Ia menggeleng. “Nggak, gue takut ketemu musuh bebuyutan gue. Dia tinggal di daerah sini juga. Kalau gak salah tuh rumahnya belok kiri dari sini.”
“Waw. Good luck deh, musuh bebuyutan lo tetangga gue kayaknya.” Tawaku melambung lagi, kali ini lebih keras. “Di depan, kita belok kiri.”
“Hah???” Kak Dimitri berjengit, wajahnya semakin panik, aku jadi geli sendiri. Sesudah berbelok, aku menyuruhnya berhenti di depan rumah berpagar tinggi yang dicat putih. Itu adalah rumahku. Untung karena masih terbilang sore, Papa belum pulang dari kantor. “Yang mana rumah lo?” Kak Dimitri bertanya, tapi pandangannya sibuk menelisik rumah-rumah yang lain.
Astaga, siapapun musuh bebuyutan yang ia maksud, itu pasti orang yang sangat tidak ingin ia temui.
“Yang ini,” jawabku, menunjuk rumah di samping dengan dagu. Setelah merapikan barang-barang, aku bersiap turun. “Mau mampir? Tapi kayaknya Kakak takut ketemu musuh, tuh.”

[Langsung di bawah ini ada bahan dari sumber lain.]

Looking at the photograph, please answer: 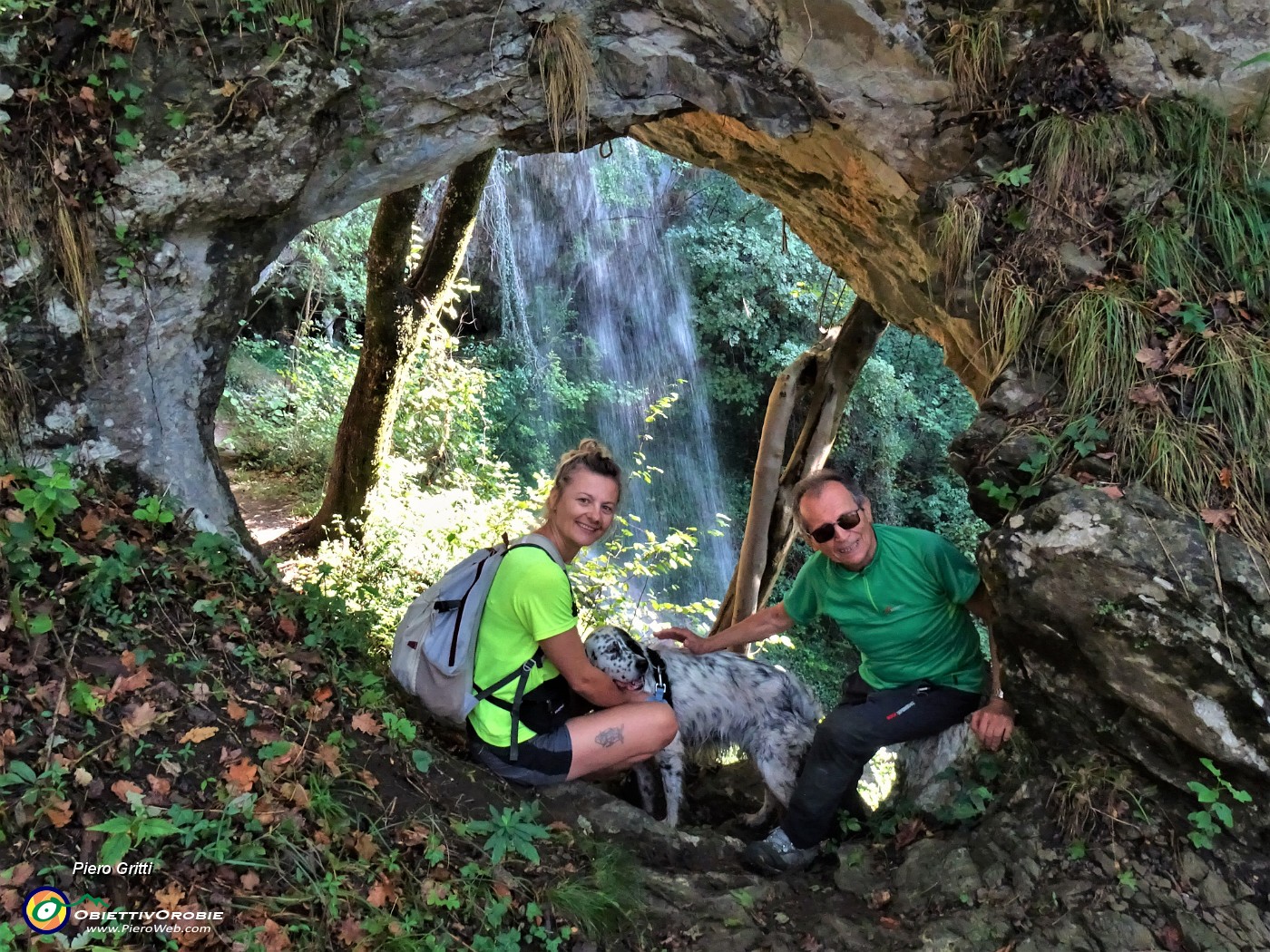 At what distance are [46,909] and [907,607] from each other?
3.12 m

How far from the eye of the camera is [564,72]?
4160mm

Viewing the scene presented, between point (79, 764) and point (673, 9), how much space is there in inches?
166

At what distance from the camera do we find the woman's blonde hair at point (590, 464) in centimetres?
350

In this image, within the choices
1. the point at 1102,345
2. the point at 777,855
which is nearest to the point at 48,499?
the point at 777,855

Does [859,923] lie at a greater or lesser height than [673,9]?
lesser

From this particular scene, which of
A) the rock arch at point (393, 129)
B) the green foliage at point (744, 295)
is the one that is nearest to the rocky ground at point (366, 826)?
the rock arch at point (393, 129)

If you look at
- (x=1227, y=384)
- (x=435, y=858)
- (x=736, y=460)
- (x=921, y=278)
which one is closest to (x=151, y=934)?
(x=435, y=858)

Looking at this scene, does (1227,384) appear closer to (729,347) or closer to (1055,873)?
(1055,873)

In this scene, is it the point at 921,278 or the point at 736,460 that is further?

“Nye, kamu sejak kapan tinggal di rumah ini?” Tiba-tiba, nada suaranya berubah serius. “Uhm, sekitar dua tahun lalu?” Kak Dimitri bergeming, memandangi bagian dalam rumahku. “Kenapa? Ada hantunya?”

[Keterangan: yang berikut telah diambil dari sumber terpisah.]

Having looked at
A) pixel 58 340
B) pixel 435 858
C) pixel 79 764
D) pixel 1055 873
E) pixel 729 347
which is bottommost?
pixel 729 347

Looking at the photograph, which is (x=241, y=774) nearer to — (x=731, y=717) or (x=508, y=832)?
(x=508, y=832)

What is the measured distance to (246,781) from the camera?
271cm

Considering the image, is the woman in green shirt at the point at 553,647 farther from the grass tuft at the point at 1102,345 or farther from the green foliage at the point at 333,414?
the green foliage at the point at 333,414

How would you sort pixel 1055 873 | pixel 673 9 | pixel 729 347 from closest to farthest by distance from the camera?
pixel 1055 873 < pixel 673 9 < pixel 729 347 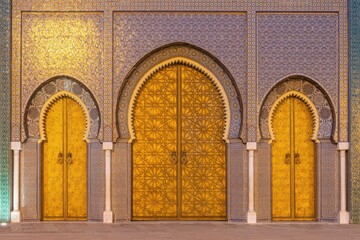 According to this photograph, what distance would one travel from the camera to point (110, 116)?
10.2 m

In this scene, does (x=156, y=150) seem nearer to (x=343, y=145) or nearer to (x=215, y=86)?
(x=215, y=86)

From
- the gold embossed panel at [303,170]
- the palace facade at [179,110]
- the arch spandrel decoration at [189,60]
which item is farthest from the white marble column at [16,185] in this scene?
the gold embossed panel at [303,170]

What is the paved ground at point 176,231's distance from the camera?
8828 millimetres

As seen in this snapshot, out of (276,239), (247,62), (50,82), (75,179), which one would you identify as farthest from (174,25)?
(276,239)

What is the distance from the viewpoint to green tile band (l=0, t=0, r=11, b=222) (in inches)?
399

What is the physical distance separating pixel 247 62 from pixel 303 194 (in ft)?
6.51

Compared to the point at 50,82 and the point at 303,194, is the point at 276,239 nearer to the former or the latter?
the point at 303,194

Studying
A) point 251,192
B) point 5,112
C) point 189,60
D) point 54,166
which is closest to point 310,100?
point 251,192

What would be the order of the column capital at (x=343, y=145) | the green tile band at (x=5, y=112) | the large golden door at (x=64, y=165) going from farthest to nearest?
the large golden door at (x=64, y=165), the column capital at (x=343, y=145), the green tile band at (x=5, y=112)

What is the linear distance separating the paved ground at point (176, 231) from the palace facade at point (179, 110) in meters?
0.32

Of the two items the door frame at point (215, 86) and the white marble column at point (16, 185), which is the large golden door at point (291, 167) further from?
the white marble column at point (16, 185)

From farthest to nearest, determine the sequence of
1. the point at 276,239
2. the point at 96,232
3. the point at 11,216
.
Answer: the point at 11,216 < the point at 96,232 < the point at 276,239

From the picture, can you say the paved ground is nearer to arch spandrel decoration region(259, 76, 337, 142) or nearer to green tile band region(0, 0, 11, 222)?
green tile band region(0, 0, 11, 222)

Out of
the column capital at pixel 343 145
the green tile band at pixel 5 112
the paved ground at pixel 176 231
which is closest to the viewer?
the paved ground at pixel 176 231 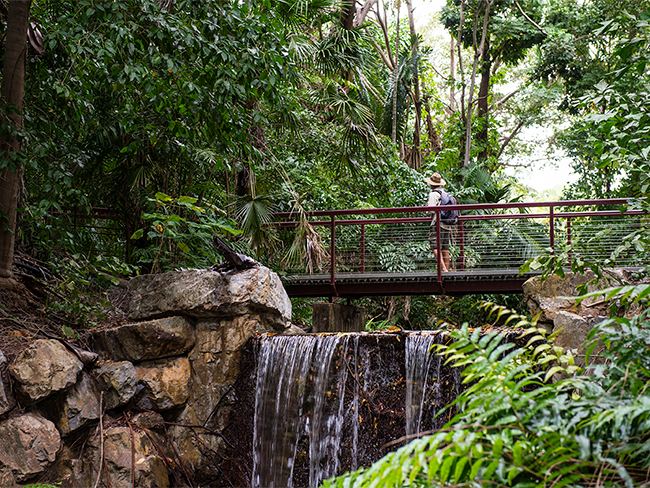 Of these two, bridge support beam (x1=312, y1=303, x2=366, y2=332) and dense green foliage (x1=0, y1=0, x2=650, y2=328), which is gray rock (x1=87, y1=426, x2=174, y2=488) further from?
bridge support beam (x1=312, y1=303, x2=366, y2=332)

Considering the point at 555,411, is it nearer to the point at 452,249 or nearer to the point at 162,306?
the point at 162,306

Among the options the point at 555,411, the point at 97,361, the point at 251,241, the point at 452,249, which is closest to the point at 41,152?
the point at 97,361

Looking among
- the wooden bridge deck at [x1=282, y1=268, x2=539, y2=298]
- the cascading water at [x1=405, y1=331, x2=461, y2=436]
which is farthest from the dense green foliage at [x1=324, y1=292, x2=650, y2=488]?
the wooden bridge deck at [x1=282, y1=268, x2=539, y2=298]

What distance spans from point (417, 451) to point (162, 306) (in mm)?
4967

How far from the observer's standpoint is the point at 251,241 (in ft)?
29.9

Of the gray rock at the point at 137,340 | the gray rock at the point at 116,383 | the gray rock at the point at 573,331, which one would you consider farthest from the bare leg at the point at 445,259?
the gray rock at the point at 116,383

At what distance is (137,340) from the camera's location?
Result: 6.11m

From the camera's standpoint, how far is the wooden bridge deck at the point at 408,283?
9281mm

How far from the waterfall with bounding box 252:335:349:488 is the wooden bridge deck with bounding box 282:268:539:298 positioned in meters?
3.18

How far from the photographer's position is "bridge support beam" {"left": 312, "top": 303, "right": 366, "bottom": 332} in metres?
9.70

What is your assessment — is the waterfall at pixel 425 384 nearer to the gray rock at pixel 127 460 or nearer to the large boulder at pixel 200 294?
the large boulder at pixel 200 294

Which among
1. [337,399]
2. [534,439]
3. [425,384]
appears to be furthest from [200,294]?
A: [534,439]

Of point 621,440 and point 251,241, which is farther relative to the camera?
point 251,241

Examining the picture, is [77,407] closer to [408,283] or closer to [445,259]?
[408,283]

“Nggak. Eh, nggak tau, sih. Ada kali, di kamar kamu, tuh.”
“Jangan nakut-nakutin!” Kupukul lengannya, dan ia langsung tergelak. “Makasih ya, Kak. Buat hari ini, dan buat dianterin pulang sampai depan rumah.” Kak Dimitri mengacak rambutku usil. “Iya, sama-sama. Masuk gih, hati-hati.”
“Kok hati-hati? Kan yang mau pergi kamu?”
“Oh iya, ya.”
“Ngaco!” Aku menutup pintu mobilnya, lalu melambaikan tangan. “Hati-hati, nanti ketemu musuh bebuyutan.”
“Kamu yang hati-hati, awas ada kuyang di kamar kamu.”
“Berisik! Udah sana pulang!”
Kak Dimitri terkekeh sebelum menutup jendela, kemudian dengan satu lambaian tangan, mobilnya bergerak maju. Aku masih berdiri di depan rumahku sampai mobilnya berbelok di tikungan jalan.
Terimakasih, Kak.
Bersama Kak Dimitri hari ini, aku menemukan cara untuk tertawa lagi.